O filme é excelente. Tendo em conta a época, foi um avanço na técnica cinematográfica, com a construção de grandiosos cenários à escala e o aprimoramento de um sentimento épico que anteriormente já se ensaiara em "Quo Vadis" (1913). Dirigido por Giovanni Pastrone e com roteiro do poeta Gabriele d'Annunzio, o filme contou com mais de seis mil figurantes, foi filmado em vários países e custou uma verdadeira fortuna para a época. A música que acompanha o filme, composta por Ildebrando Pizzetti, contém melodias de ópera bastante reconhecíveis. Mas valeu a pena.
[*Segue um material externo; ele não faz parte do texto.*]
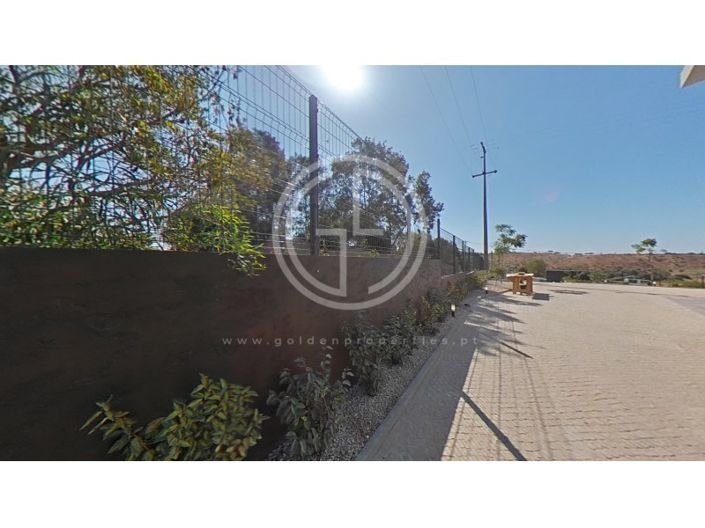 Image No.126-5 Bed House for sale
O filme foi um sucesso, foi mesmo o primeiro a ser exibido oficialmente na Casa Branca.

O filme usou elementos de luz e som inovadores para a época, e também teve um avançado trabalho de montagem e pós-produção. O filme teria, originalmente, a duração de cerca de três horas, mas a versão que eu vi tem metade desse tempo, o que me faz pensar onde podem estar os metros de película que não vi.

Já vi alguns críticos sustentarem que este filme é uma espécie de justificação para a invasão italiana da Líbia, ocorrida anos antes, em 1911. Porém, discordo desta opinião. De facto, é no Norte de África que decorre a maior parte da acção do filme, e é evidente que os romanos são os bonzinhos e os cartagineses os malvados. Até aqui, estou de acordo. Mas o filme nunca reclama aquela terra para Roma historicamente, limita-se a apresentar as Guerras Púnicas e inserir a história de Cabiria nesse contexto. Não há neste filme nenhum ponto onde possamos dizer que Itália tem direitos históricos sobre aquelas terras em África. Por outro lado, se considerarmos o tom heróico e épico, que se sente nesta e noutras produções cinematográficas da época, e a tónica acentuadamente nacionalista, podemos ver neste filme não uma justificação do que quer que seja, mas uma amostra de como o povo italiano, naquele momento, se sentia. Tinham acabado de conquistar terras em África, eram uma das potências emergentes na Europa, estavam prestes a entrar numa grande guerra mundial mas sentiam-se capazes de a vencer. Sentiam-se os maiores. O filme mostra isso muito bem.